It was bound to happen sometime. The UK’s surprisingly strong economy disappointed the analysts, for once, with fourth quarter GDP growth coming in a bit below the consensus expectation. That said, 0.7% growth in the quarter only marginally missed the market forecast for a 0.8% rise.
What’s more, in 2013 the British economy grew by 1.9%, the fastest pace of annual expansion since 2007. This fact was not lost on government policymakers, who have taken stick for their commitment to austerity in recent years. Still, critics will note that the UK economy remains 1.3% smaller than it was at its peak in 2008; Germany and the US surpassed their pre-crisis peaks three years ago.
To be fair, the UK’s heavy reliance on financial services meant it was hit harder than other large economies during the crisis, leaving it with more ground to make up in the aftermath. To avoid a similar fate in the future, British policymakers are keen to boost manufacturing and exports, aiming for a better balance between goods and services. Thus, chancellor George Osborne (pictured above) hailed the fact that the latest GDP figures are “broadly based.”
But it’s worth noting that, while the manufacturing industry grew by 0.9% in the fourth quarter, it was far from the “fastest” segment, as Osborne claims.

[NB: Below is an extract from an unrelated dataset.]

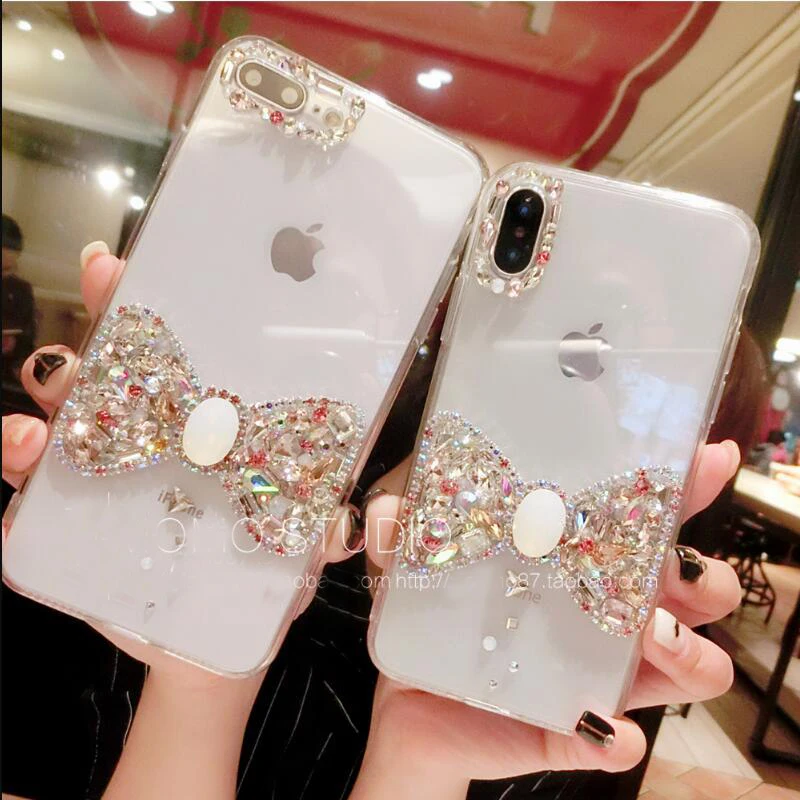 Чехол для мобильного телефона iPhone 11 Pro X XS Max XR 6 6s 7 8 плюс 5 5s SE 4 4s со стразами чехол и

A treasury spokesperson explains that the chancellor’s claim is correct when comparing the quarterly growth rates for manufacturing, agriculture, construction and services. While technically true, that requires a rather selective reading of the numbers; the largest subcomponent of the service sector is the “business services and finance” industry, which is three times the size of the manufacturing industry and grew by 1.2% in the fourth quarter.
That suggests that, although manufacturing has been closing the growth gap with business services in recent quarters, a full-blown manufacturing renaissance is far off; the UK’s service sector is more than five times larger than the production sector. Rebalancing the British economy was never going to be quick, but the latest data show that the economy’s fortunes continue to rely much more on financiers in Canary Wharf than widget-makers in Coventry, whatever the politicians might say.